A flash of lightning could not have vanished more swiftly.

“By the Pope’s head!” said the captain, ordering Quasimodo’s bonds to be tightened, “I would rather have kept the wench.”

“What would you have, Captain?” said one of his men; “the bird has flown, the bat remains.”

CHAPTER V

The Continuation of the Inconveniences

Gringoire, still dizzy from his fall, lay stretched on the pavement before the figure of the Blessed Virgin at the corner of the street. Little by little he regained his senses; at first he was for some moments floating in a sort of half-drowsy reverie which was far from unpleasant, in which the airy figures of the gipsy and her goat were blended with the weight of Quasimodo’s fist. This state of things did not last long. A somewhat sharp sensation of cold on that part of his body in contact with the pavement roused him completely, and brought his mind back to realities once more.
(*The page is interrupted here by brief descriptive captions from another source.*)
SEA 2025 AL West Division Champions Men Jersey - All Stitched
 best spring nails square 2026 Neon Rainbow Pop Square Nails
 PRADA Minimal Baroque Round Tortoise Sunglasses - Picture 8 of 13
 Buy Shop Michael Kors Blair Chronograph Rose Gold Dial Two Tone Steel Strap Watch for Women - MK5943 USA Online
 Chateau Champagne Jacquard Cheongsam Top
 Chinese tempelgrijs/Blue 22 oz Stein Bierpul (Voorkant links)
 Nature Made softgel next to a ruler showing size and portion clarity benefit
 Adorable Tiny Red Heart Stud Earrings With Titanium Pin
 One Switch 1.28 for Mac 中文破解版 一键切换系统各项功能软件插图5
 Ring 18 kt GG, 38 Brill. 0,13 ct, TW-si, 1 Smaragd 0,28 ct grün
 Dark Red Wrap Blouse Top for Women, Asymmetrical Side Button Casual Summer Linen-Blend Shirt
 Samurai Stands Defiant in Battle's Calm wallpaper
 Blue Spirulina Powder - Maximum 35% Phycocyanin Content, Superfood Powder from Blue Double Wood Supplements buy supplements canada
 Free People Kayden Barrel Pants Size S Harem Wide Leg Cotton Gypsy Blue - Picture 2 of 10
“Why do I feel so cold?” said he, abruptly. He then discovered that he was lying in the middle of the gutter.

“Devil take the hunchbacked Cyclop!” he muttered; and he tried to rise. But he was too dizzy and too much bruised; he was forced to remain where he was. However, his hand was free; he stopped his nose and resigned himself to his fate.

“The mud of Paris,” thought he (for he felt very sure that the gutter must be his lodging for the night, “the mud of Paris is particularly foul; it must contain a vast amount of volatile and nitrous salts. Moreover, such is the opinion of Master Nicolas Flamel and of the Hermetics—”

“And what should we do in a lodging if we do not think?”)ac

The word “Hermetics” suddenly reminded him of the archdeacon, Claude Frollo. He recalled the violent scene which he had just witnessed,—how the gipsy struggled with two men, how Quasimodo had a companion; and the morose and haughty face of the archdeacon passed confusedly through his mind. “That would be strange!” he thought. And he began to erect, upon these data and this basis, the fantastic edifice of hypothesis, that card-house of philosophers; then suddenly returning once more to reality, “But there! I am freezing!” he exclaimed.

The situation was in fact becoming more and more unbearable. Every drop of water in the gutter took a particle of heat from Gringoire’s loins, and the temperature of his body and the temperature of the gutter began to balance each other in a very disagreeable fashion.

An annoyance of quite another kind all at once beset him.